“Thanks for that inspiring anecdote, Delio,” Ted said, responding to a tedious story about convincing some woman with a walker to buy a Complete Kitchen Set by throwing in a free spatula. No one mentioned that the spatula would come out of Delio’s commission. “And we should say, now’s as good a time as any, that Delio was our top team member this month, making thirty-six appointments and earning a whopping six thousand twenty-eight dollars in sales. Which means, because BladeCo likes to reward its high fliers, he gets automatically entered into the statewide raffle to win a free trip to Cancún!
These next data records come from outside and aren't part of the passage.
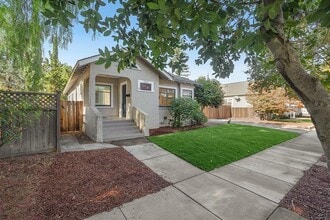 7831 Eigleberry St in Gilroy, CA - Building Photo - Building Photo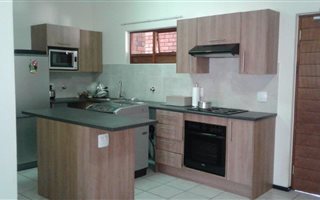 2 Bedroom Townhouse in Olivedale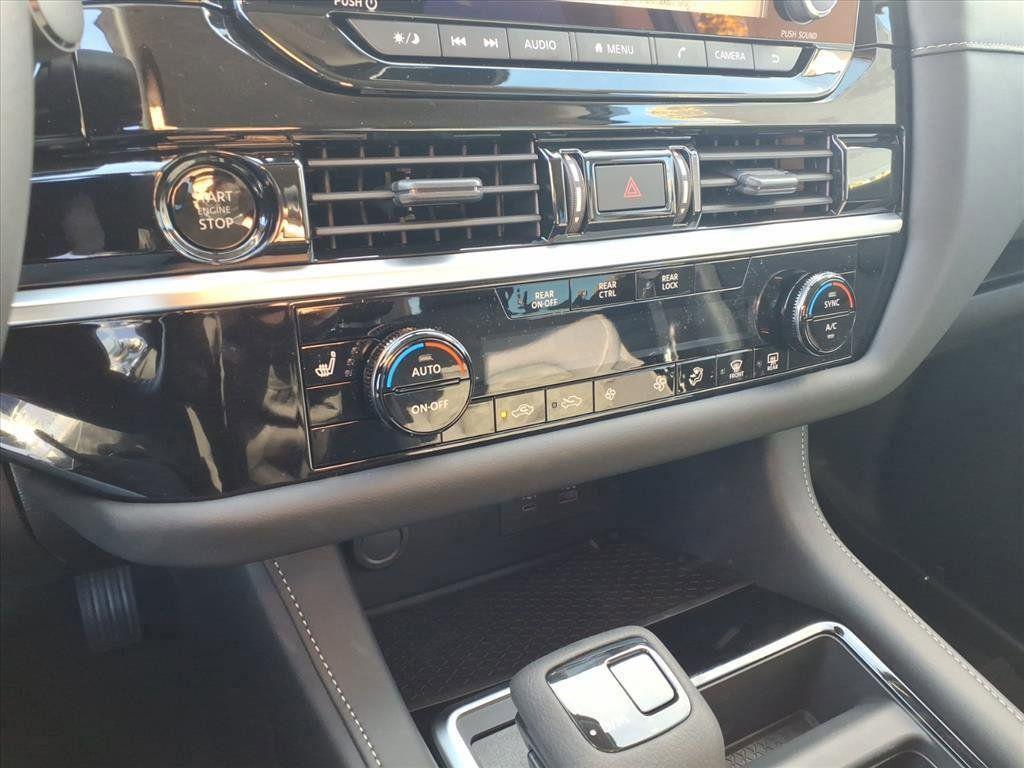 new 2025 Nissan Pathfinder car, priced at $34,205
What do you say to that, team?”
“Awesome!” everyone shouted on cue.
“Just awe some ? Or awe- much ?”
“Awe-much!”
Warren had stooped to many things, including selling knives to crippled old ladies, but he could not bring himself to say “awe-much.” It was not a word he could say and look at himself in the mirror ever again. As a matter of fact, it was not a word at all. Ted had invented it because he felt that “awesome” failed to deliver the passionate encomium that BladeCo knives deserved.
“Warren,” he said now, checking his name chart, “did I hear you say ‘awe-much’?”
“No,” Warren mumbled.
“Why not?”
“I’d rather not, if you don’t mind.”
Ted lost his smile for a second, like a waiter learning you’ll only be drinking water. There was a whiff of desperation behind these pep talks that reminded Warren of his own sales approach. He guessed that Ted had some selling to do himself, to the higher-ups at BladeCo, and that Warren and the rest of the team were his product.
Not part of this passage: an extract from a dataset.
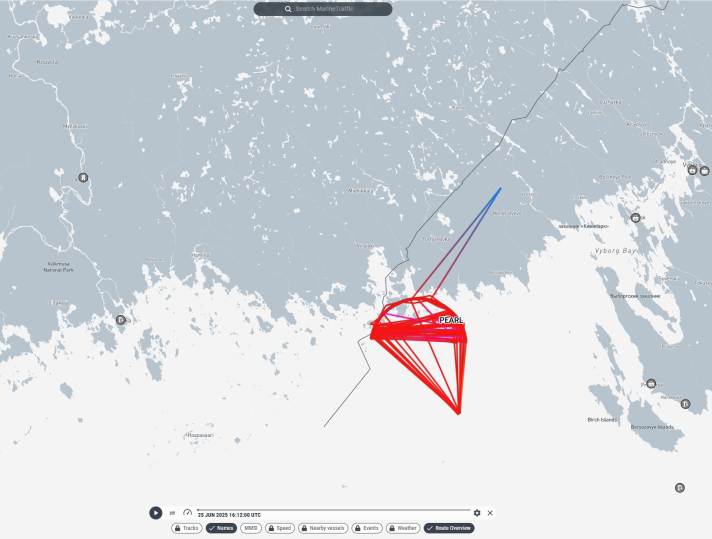Segnale AIS apparentemente falso di una petroliera della flotta ombra vicino al confine russo-finlandese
“Well, you are a member of this sales team, which leads me to believe that we’re all in this together. And the definition of ‘teamtastic’”—here Ted pointed at a homemade poster with TEAMTASTIC, another word he’d coined, written on it in capital letters—“correct me if I’m wrong, is that we’re all equal. No better or worse than our teammates.”
Warren could not possibly correct him, since Ted had made up the definition himself. “I’m sorry,” Warren said, “I don’t think I’m better.”
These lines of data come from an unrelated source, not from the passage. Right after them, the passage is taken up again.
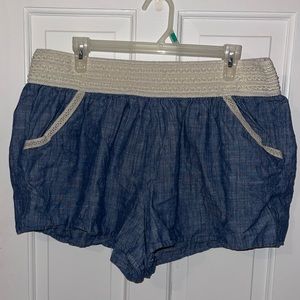 Stretchy shorts with cream detail.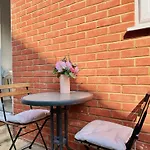 Cosy 1-Bed Flat 30Min To Central London & Parking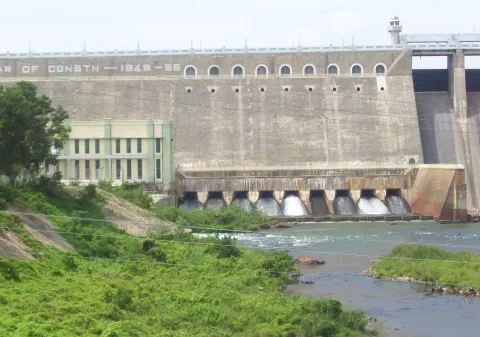 கீழ்பவானி வாய்க்காலுக்கு தண்ணீர் திறப்பு குறைப்பு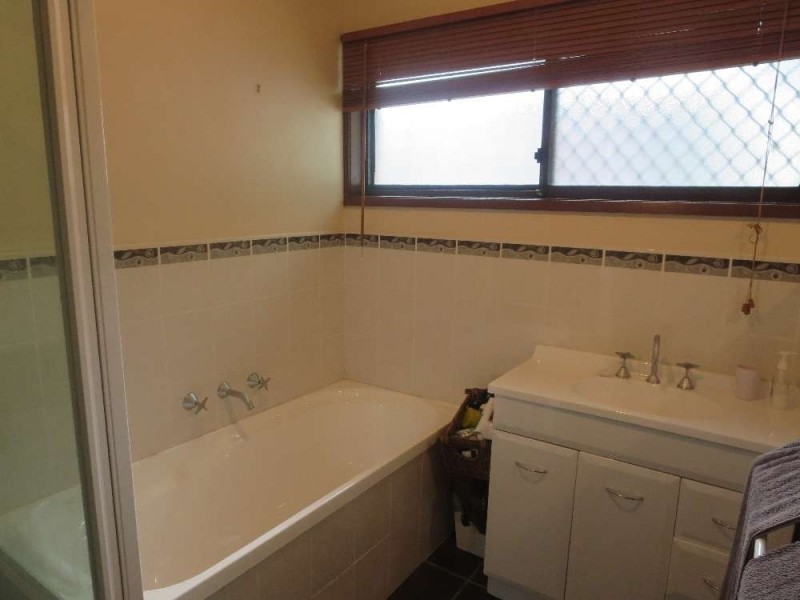48 Buffalo Crescent, Thurgoona NSW 2640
Ted turned to Austin, a boy with blue novas of acne on each cheek. “Austin, do you have any objection to saying ‘awe-much’?”
“No, sir. Awe-much.”
“Shara, what about you?”
“Awe-much,” Shara said, smiling.
“Carl?”
Carl, asleep with his eyes open, bolted upright in his seat. His tie was stained with coffee. “Yeah?”
“Does it affront you in some way to say ‘awe-much’?”
“Huh?”
“If someone asked you to say ‘awe-much,’ in place of ‘awesome,’ would you in any way object?”
“Awe-munch.”
“Warren,” Ted said, ignoring this, “I don’t think your team members have any problem with it. Which means that you’re letting them down. And if you’re letting them down, us, how are we ever going to beat Quikcut’s fiscal earnings — that’s right, guys, booo! — for the second year in a row?”
“Come on, dude,” the guy next to Warren said, clapping him on the back. “It’s just a word.”
Warren looked around helplessly. His teammates seemed to agree that the word was harmless. They were all waiting for him to say it — seemed, in fact, to share Ted’s animosity toward Quikcut, the Darth Vader of cutlery, to the degree that they’d begun to eye Warren like a traitor. He wondered if losing your last shred of dignity in a place where no one was capable of perceiving its demise was like a tree falling in the forest.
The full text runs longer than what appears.